Ha a censura postal. Confisca a nossa correspondencia a torto e a direito, provocando incidentes desagradaveis. Fornece cópia á policia, provocando prisões de communistas. Quando a correspondencia escapa a censura, não escapa ao relaxamento administrativo; os pacotes de folhetos e jornaes são chamados “miúdos” e jogados no “cocho”, isto é, refugiados para ser queimados; e, assim, perde-se grande parte do nosso esforço.

Ha um estado de sitio de 4 annos - fonte de arbitrariedades systematicas.

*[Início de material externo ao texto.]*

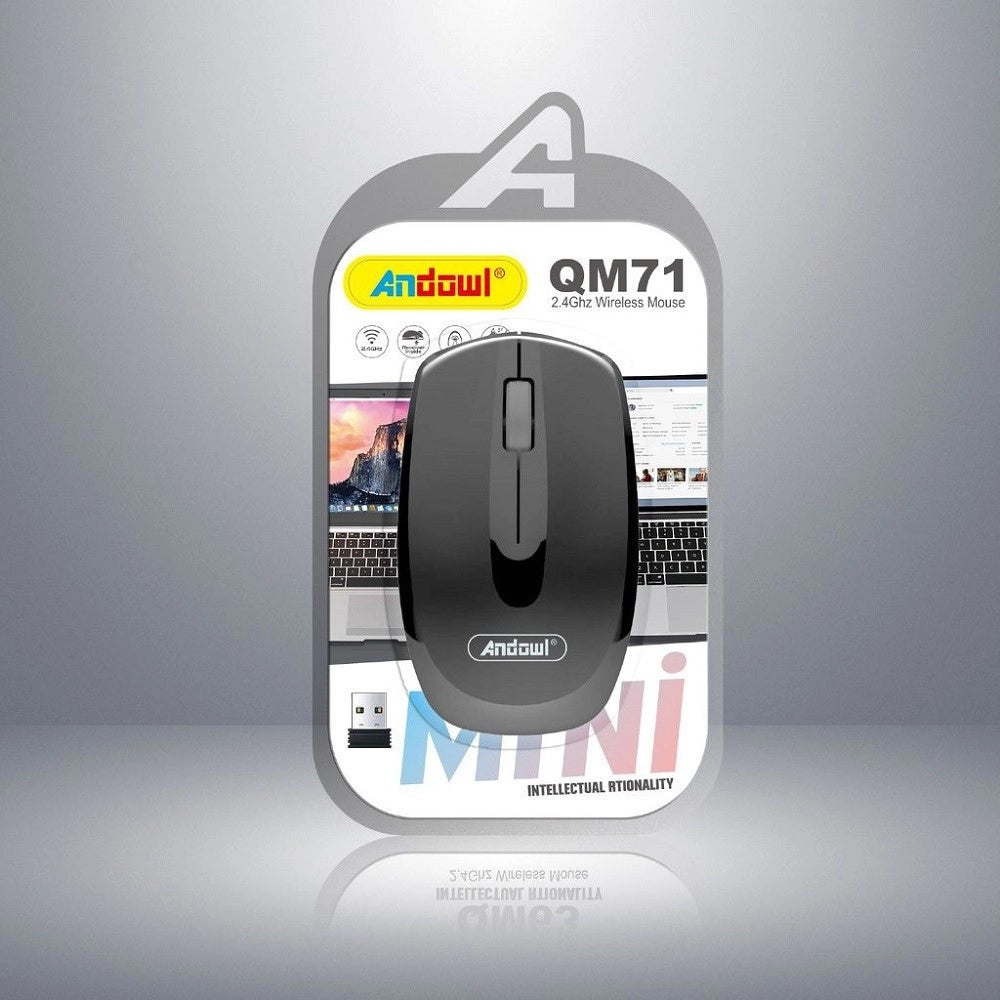 Trade Shop - Mouse Usb Ottico Raggio Fino A 10m Wifi Wireless 2.4ghz 1000 Dpi Per Pc Qm71 -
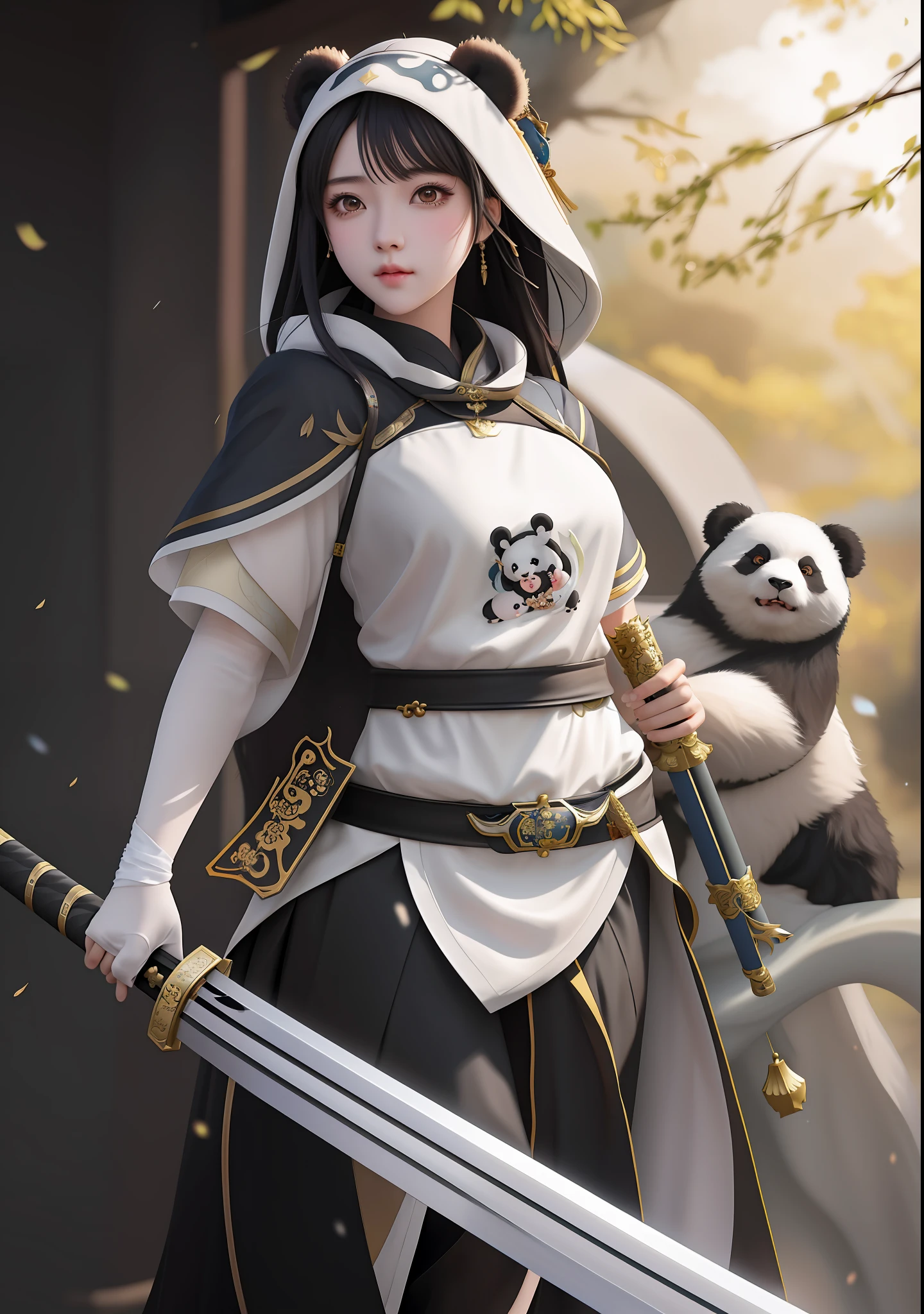 anime girl with sword and panda bear in background, artwork in the style of guweiz, fanart best artstation, by Yang J, inspired by Ju Lian, she is holding a katana sword, chengwei pan on artstation, inspired by Wu Li, inspired by Wu Bin, ruan jia and artgerm, full body xianxia --auto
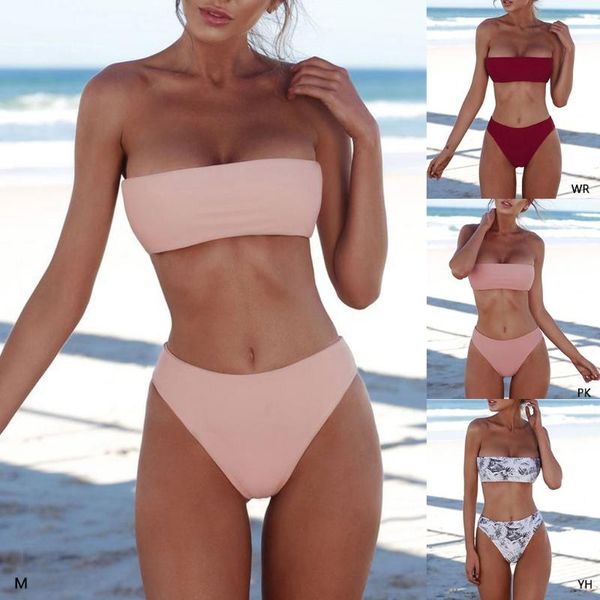 

women bikini set strapless bandeau push-up bra swimsuit swimwear bathing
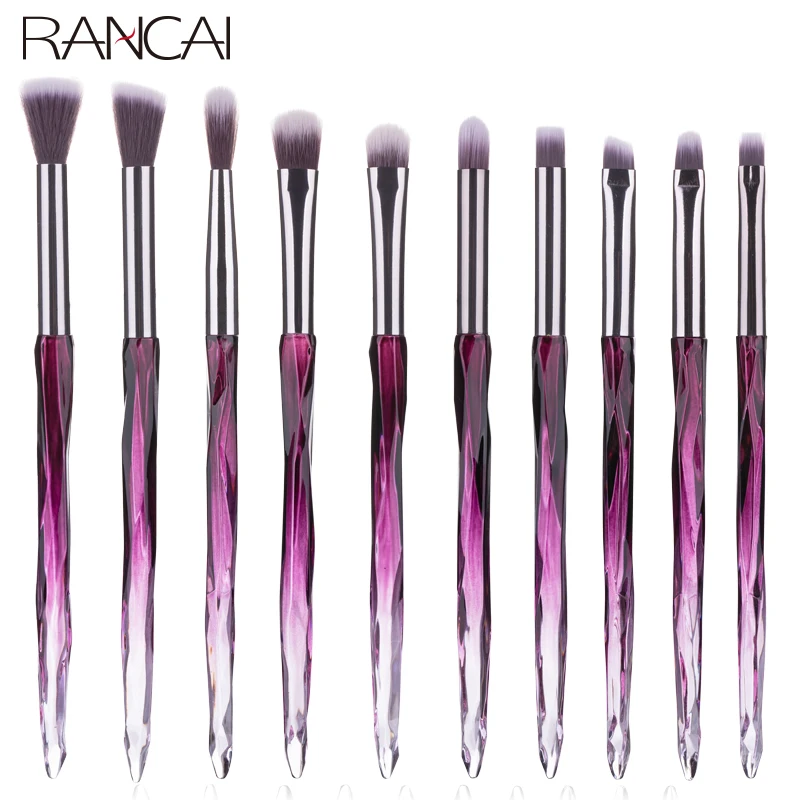 

RANCAI 10pcs Eyeshadow Makeup Brushes Set Foundation Powder Blush Eyeshadow Sponge Brush Wool Fiber Hair Cosmetic Tools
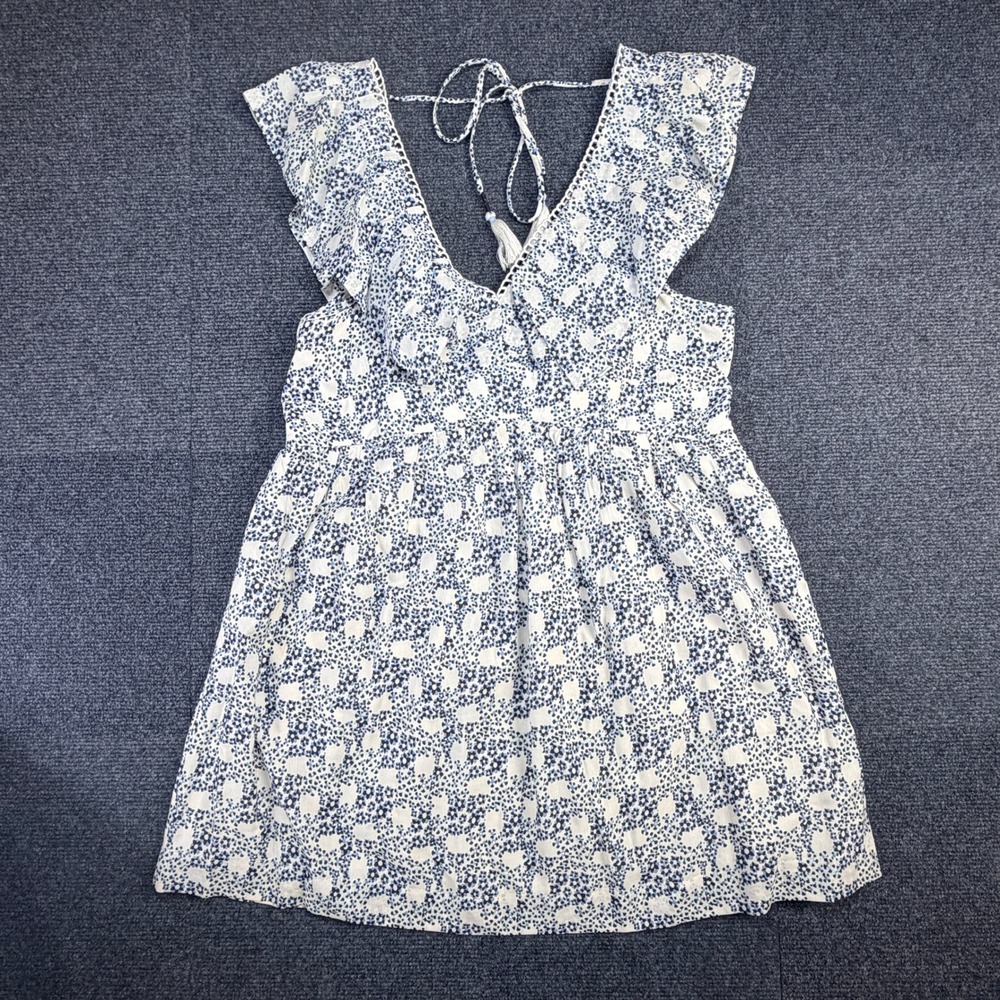 Anthropologie Blue Floral Ruffle Mini Dress V-Neck Tie Back Tassels Womens‎ L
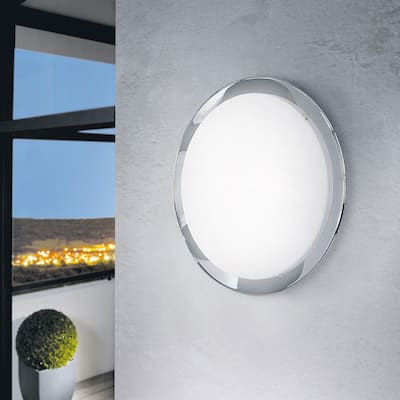 Eglo Planet 2-light Chrome Ceiling Light with Satin Glass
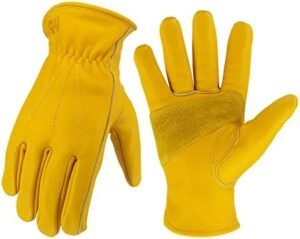 Leather Work Gloves for Men & Women, Reinforced Durable Gard... Leather Work Gloves for Men & Women, Reinforced Durable Gard...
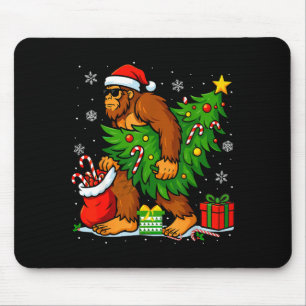 Santa Bigfoot Christmas Tree Xmas Lights Funny Sas Mouse Pad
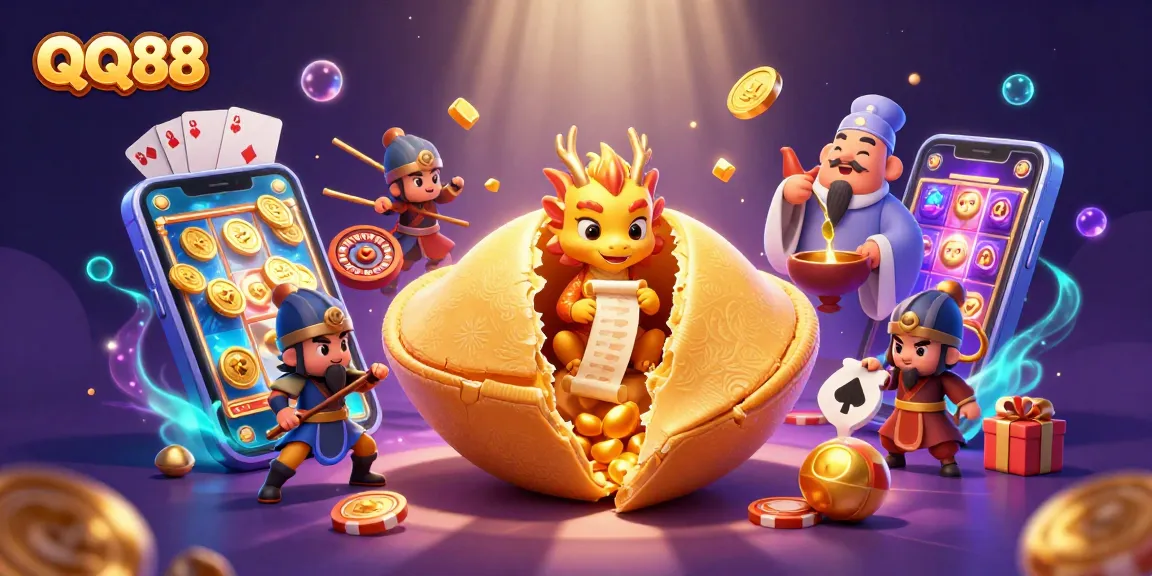 Engage in thrilling gameplay with QQ88's dynamic casino scene featuring vibrant slot elements.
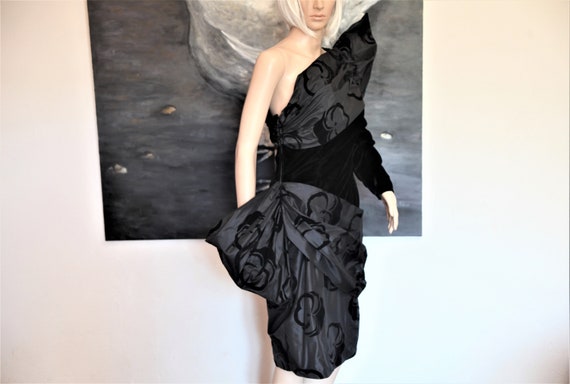 LANVIN evening dress in velvet and satin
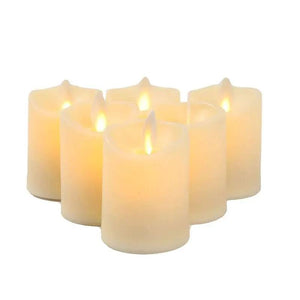 LED candle set of 6, ivory color, battery-powered, 2x2.8 inches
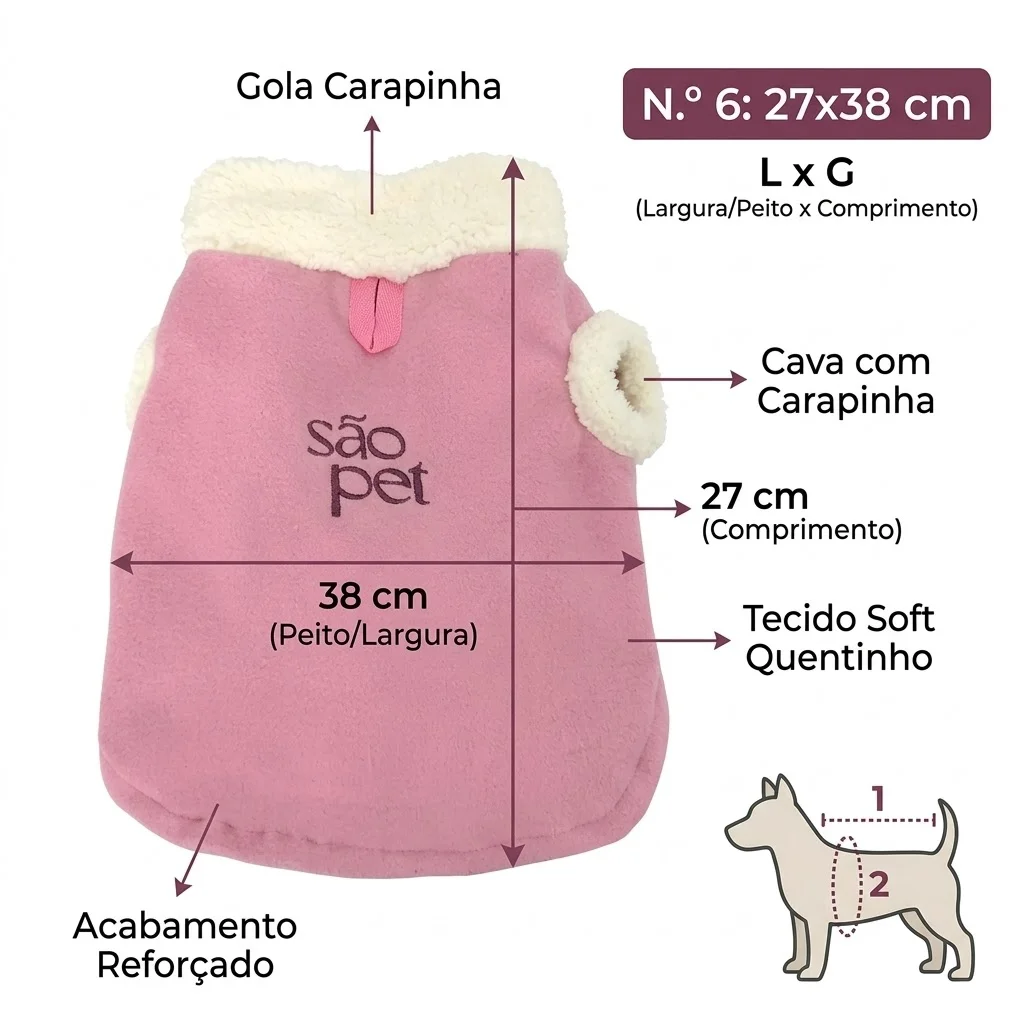 Roupa São Pet em Tecido Soft com Carapinha Tamanho 6 Cor Rosa - imagem 2
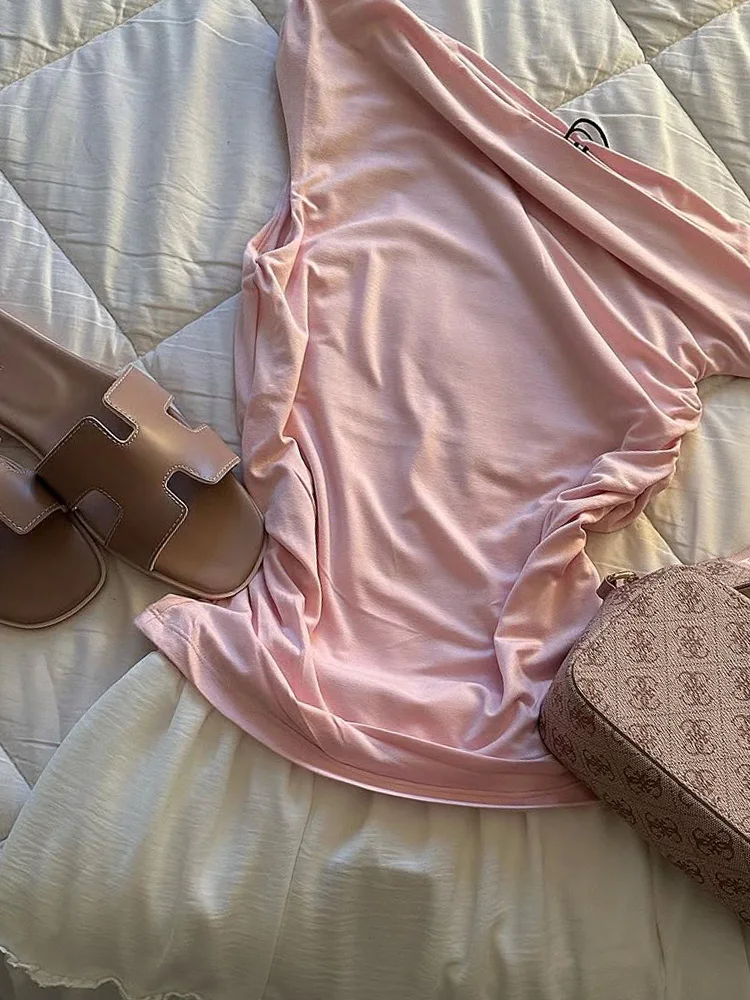 

Original Retro Slimming Pink oulder Bared Women's T-irt Summer Casual Sle ort Sve Cotton Blend Faion Design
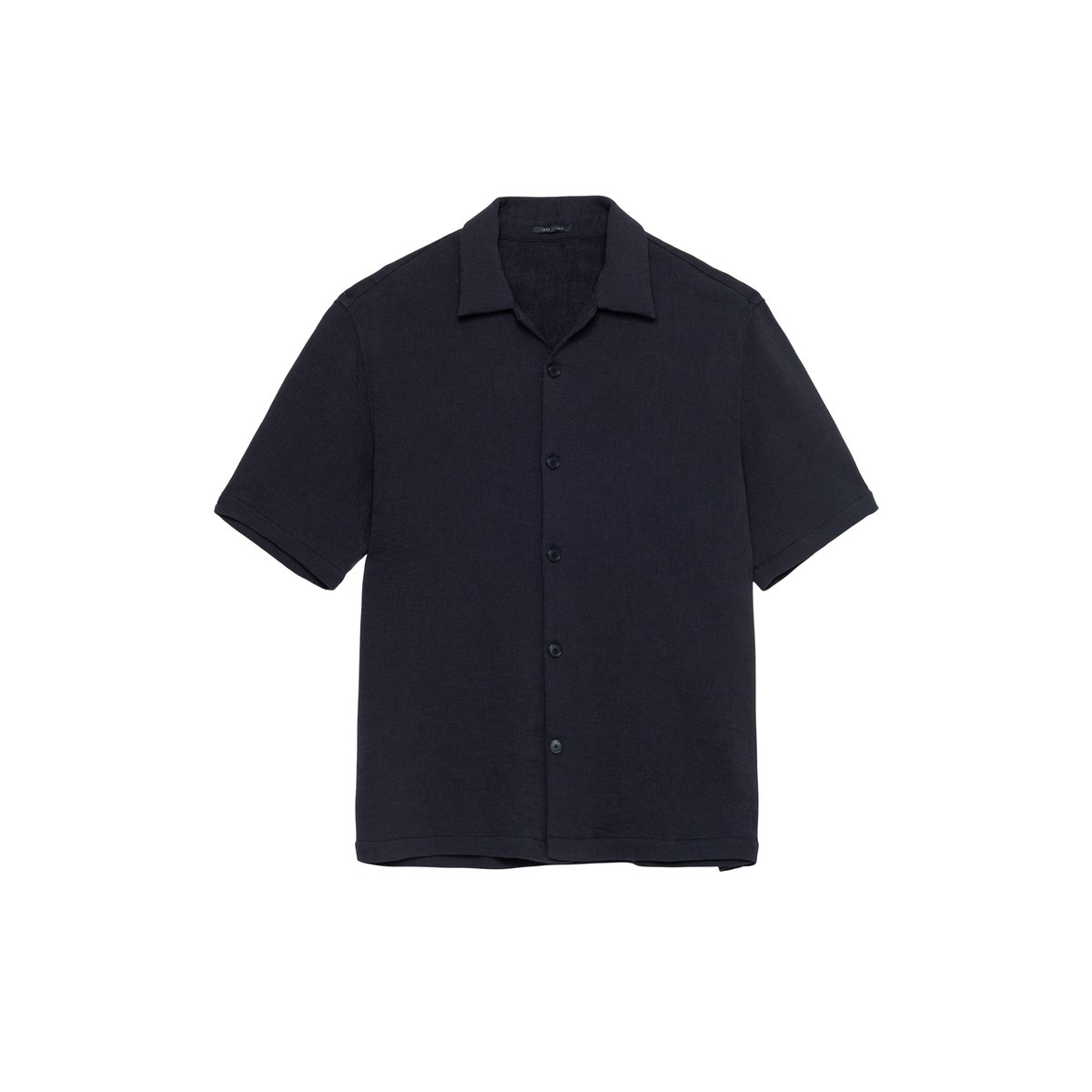 Chemise regular tissu plissé noir, IKKS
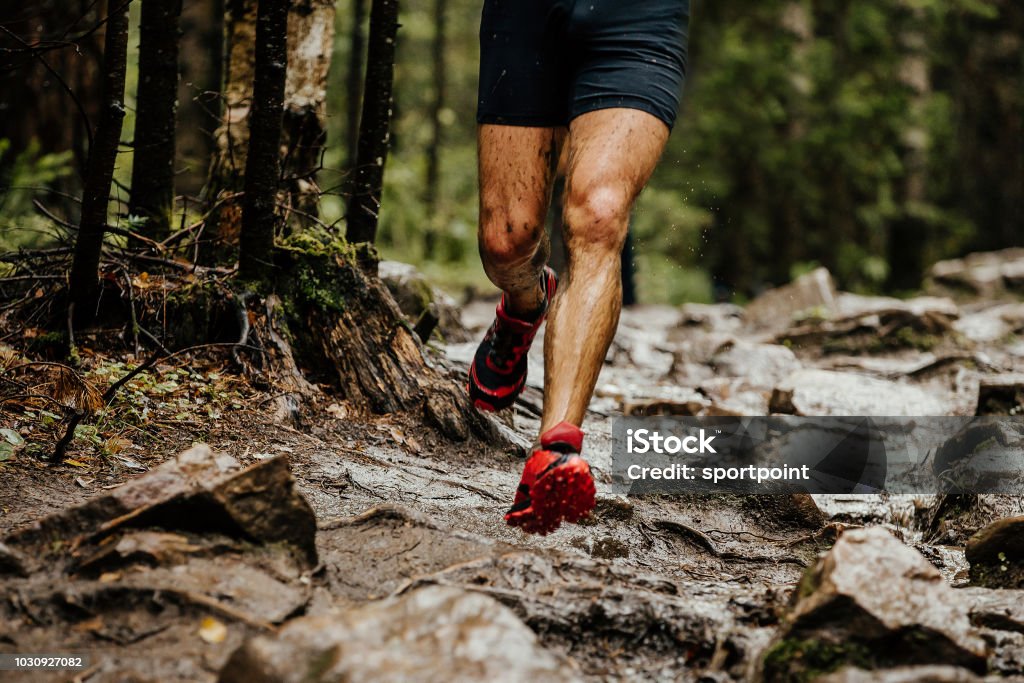 wet feet runner athlete running on trail stones in forest Running Stock Photo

Ha, na capital do paiz, os seguintes obstaculos: a dispersão da massa, o confusionismo, os syndicatos entregues a policiaes, a preoccupação do carnaval, a burocracia brazileira, e a pequena e média burguezia portugueza.

Ha as numerosas secções operarias dos jornaes burguezes e, em troca, os obstaculos economicos, e a opposição policial e governamental á creação de uma imprensa proletaria.

Ha o corporativismo predominante na immensa maioria do proletariado.

Ha a colligação socialista, anarchista, anarcho-syndicalista, amarella, capitalista e policial, contra os communistas.

Ha as derrotas e perseguições de 1919-1920 creando uma athmosphera de pessimismo.

Ha a tactica das bombas que originou no proletariado uma athmosphera de pavor a tudo quanto se refere á revolução.

Ha o pouco habito de ler: o trabalhador, em regra geral, não lê, não sabe ler; quando lê, não digere; quando algum militante lhe explica o que leu, não é capaz de repetir.

Ha a pobreza do Partido Communista, vivendo das quotas mensaes pagas irregularmente devido á situação ilegal.

Ha as nossas proprias faltas provenientes do auto-didacticismo.

Ha a incomprehensão das massas que não gostam de polemicas.

Ha a desorganização syndical e o esforço da policia em reduzir a zero as nossas tentativas de reorganização.

Ha a difficuldade em encontrar typographias que acceitem nossa literatura; estando sujeitas a violencias policiaes, não querem arcar com as responsabilidades.

Ha esses obstaculos e ha dezenas de outros. Todos elles pesam desmesuradamente num dos pratos da balança, emquanto no outro prato só existe o rythmo dialectico da historia empurrando a sociedade brazileira para a revolução proletaria.

O que está ahi não é pessimismo. É a realidade. Somos objectivistas; por isto, não desanimamos. Acompanhamos a luta revolucionaria mundial e sabemos que ella decidirá da situação brazileira. Lenta, mas firmemente, avançamos. Tão grandes obstaculos não nos lançam no desespero; encaramol-os com serenidade. Serenidade fria, mas tragica…

Pensamos nas palavras de Lenine: bloco massiço, galgamos um caminho escarpado e difficil, agarrando-nos uns aos outros. Vivemos cercados de inimigos por todos os lados e, caindo e reerguendo-nos, temos de caminhar quasi constantemente debaixo de um fogo curado. Unimo-nos como resultado de uma decisão que tomámos livremente, afim de combatermos os inimigos do proletariado e não rolarmos no pantano vizinho, onde as rãs do opportunismo nos injuriam por desafinarmos o coaxar capitalista. E, grupo compacto, iremos até ao fim, cumprindo o nosso dever historico, despedaçando os obstaculos e marchando para a victoria e para a revolução!